Increased response to noxious stimuli following empathy has been reported in previous studies, which is consistent with the findings of the current study (11, 24). This increased response might be due to modulation of descending modulating systems or central changes leading to exaggerated response to noxious stimuli. Pain modulating system consists of the higher order CNS regions which lead to the modulation of noxious stimuli at the spinal level’s dorsal horn; and one of the most important modulators of this pathway is the Opioidergic system. One of the most recent findings in the field of empathy has demonstrated that following the administration of acetaminophen as a central acting analgesic, empathy for pain decreases, which might be due to the activation of this modulating system at the higher order level (e.g., ACC) (25). This clearly demonstrates that central mechanisms are activated in empathy-induced hyperalgesia. Further studies are needed to evaluate the role of different neurotransmitters in this phenomenon.

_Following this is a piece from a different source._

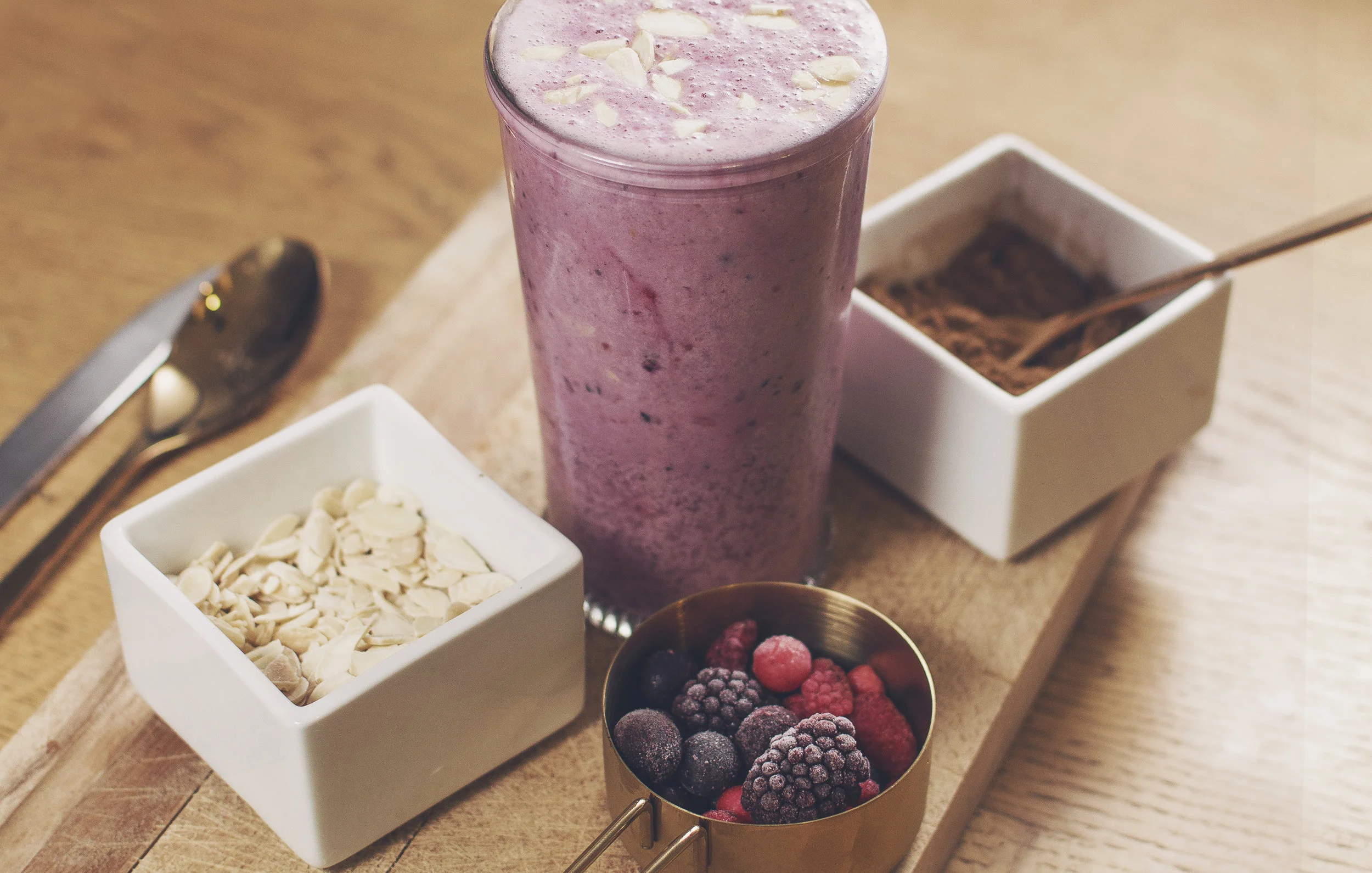 Berry protein shake on a wooden table with berries and almonds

The most important finding of the current study was that the affective component of pain is increased following the observation of pain in a cage mate. Johansen et al have demonstrated that ACC lesions lead to impaired affective pain response (18). The role of ACC in emotional regulation, executive function, and pain perception has already been demonstrated (26). Furthermore, Singer et al (2004) have demonstrated that ACC is one of the most distinct brain regions activated following observation of pain in another human (7). Now the question is whether or not ACC functional changes are directly involved in affective pain alterations following empathy.

Limitation

This study had some limitations. Evaluating the role of different neurotransmitters and the neurobiological basis of empathy-induced changes should be conducted in further studies. Using CPA to evaluate affective dimension of pain has been done in previous studies, but the fact that affective dimension of pain in humans is much more complicated leads to the conclusion that these kinds of studies should also be conducted on human subjects as well.

Conclusion

This study demonstrated that affective dimension of pain is altered following the observation of pain in a conspecific, which implies that in addition to sensory changes following empathy for pain, more elaborate cognitive functions are also affected by empathy. These findings provide a strong background for evaluating the role of brain regions corresponding to affective dimensions of pain, including prefrontal cortex, and ACC.